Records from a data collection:
#####

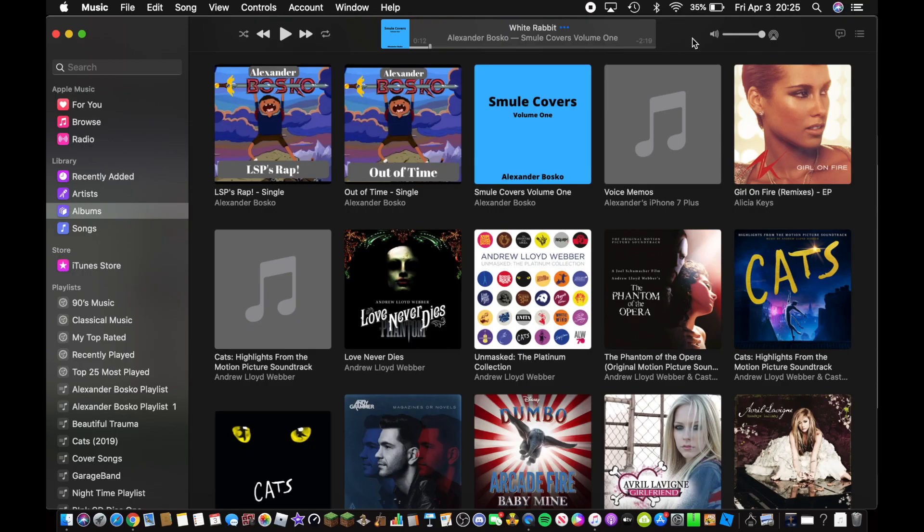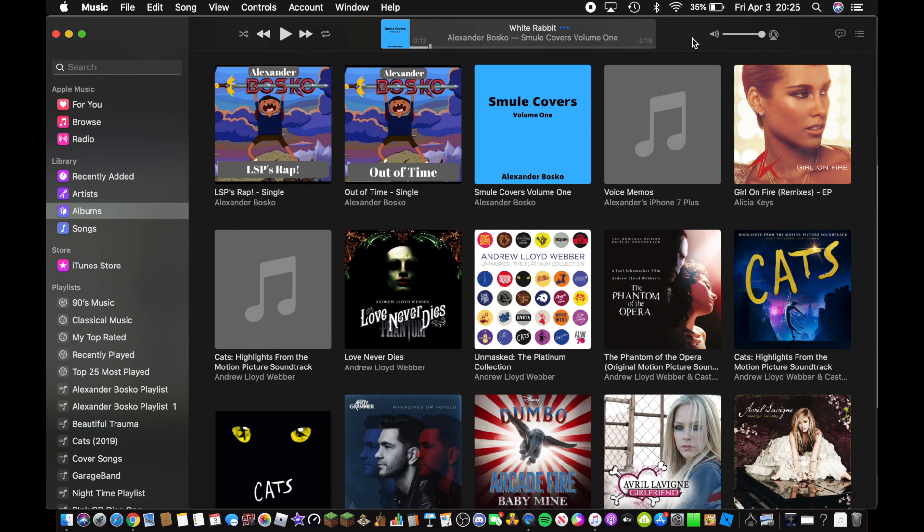Hi what's up guys, Alexander Bosco here. Today I'm going to show you how to burn playlists onto a CD for Apple Music for Mac since there's no more iTunes.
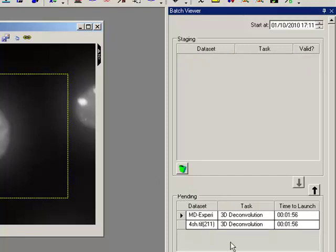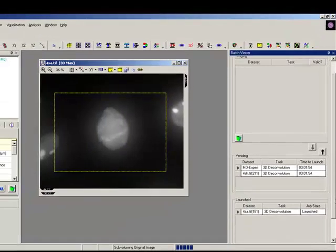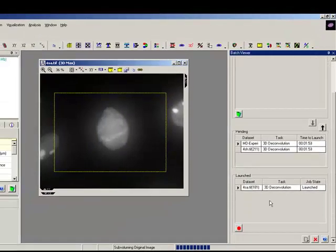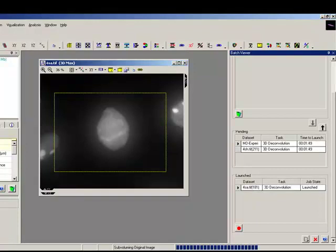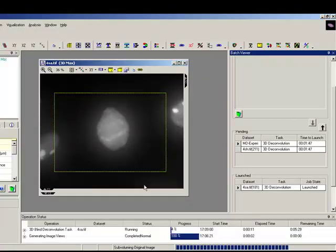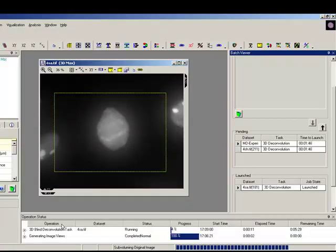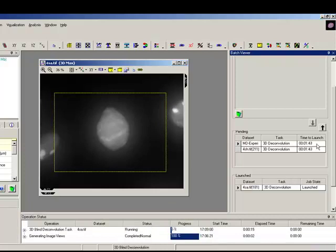So we can see the first one we launched now has actually been launched, it's deconvolving. We can see here if I view display status, there we go, it's actually doing the 3D deconvolution task and my other datasets are going to launch in 1 minute and 40 seconds.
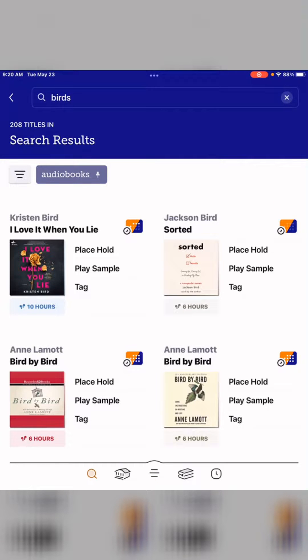It does search both the title and the author when you put in a search term, unless you get very specific. So if you have any questions, you can direct message us, stop by a library, call us, or use our contact us form on our website. Thank you.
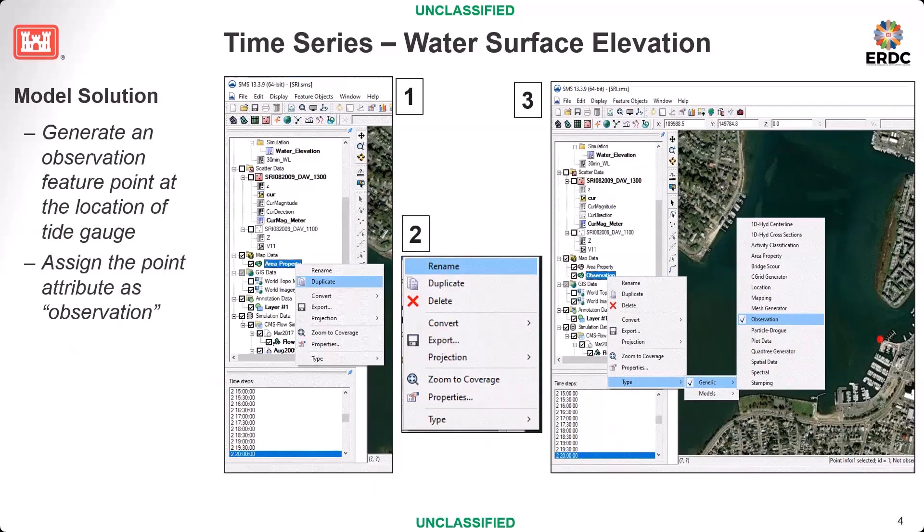There are two ways to see that information. One is the save point function — before you run the model, you can generate a feature point on the map module to get a save point, then specify which variable you want to output. When you run the model, it will save all the information you specified at that point. The other way, which I usually do, is to output everything for the entire domain. The shortcoming is that it uses a lot of space, but it is convenient — you can pick any point of your simulation to output a time series.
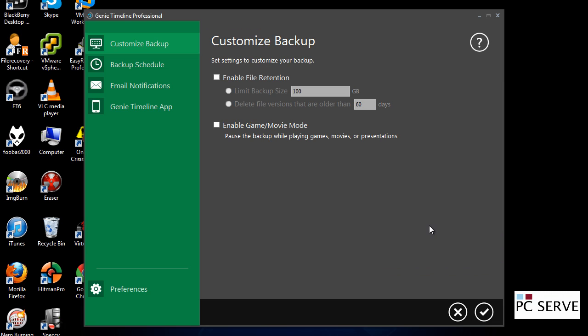You've also got advanced settings here for the retention size. We're not going to drill down through that.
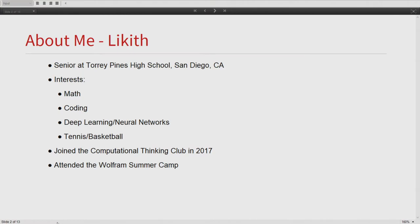Just a little bit about myself. I'm currently a senior at Torrey Pines High School, which is located in San Diego, California. And some of my interests include math, coding, deep learning and neural networks, and I love playing basketball and tennis. How I got introduced to the Wolfram language was when I joined the Computational Thinking Club, which Ms. Brown spoke about last year in 2017.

#####

● **Task directions**
Each line from the start of the entries above through the line with "It does search" should be duplicated exactly, leaving out the pictures.

● **Response to this exercise**
Hi what's up guys, Alexander Bosco here. Today I'm going to show you how to burn playlists onto a CD for Apple Music for Mac since there's no more iTunes.
So we can see the first one we launched now has actually been launched, it's deconvolving. We can see here if I view display status, there we go, it's actually doing the 3D deconvolution task and my other datasets are going to launch in 1 minute and 40 seconds.
It does search both the title and the author when you put in a search term, unless you get very specific. So if you have any questions, you can direct message us, stop by a library, call us, or use our contact us form on our website. Thank you.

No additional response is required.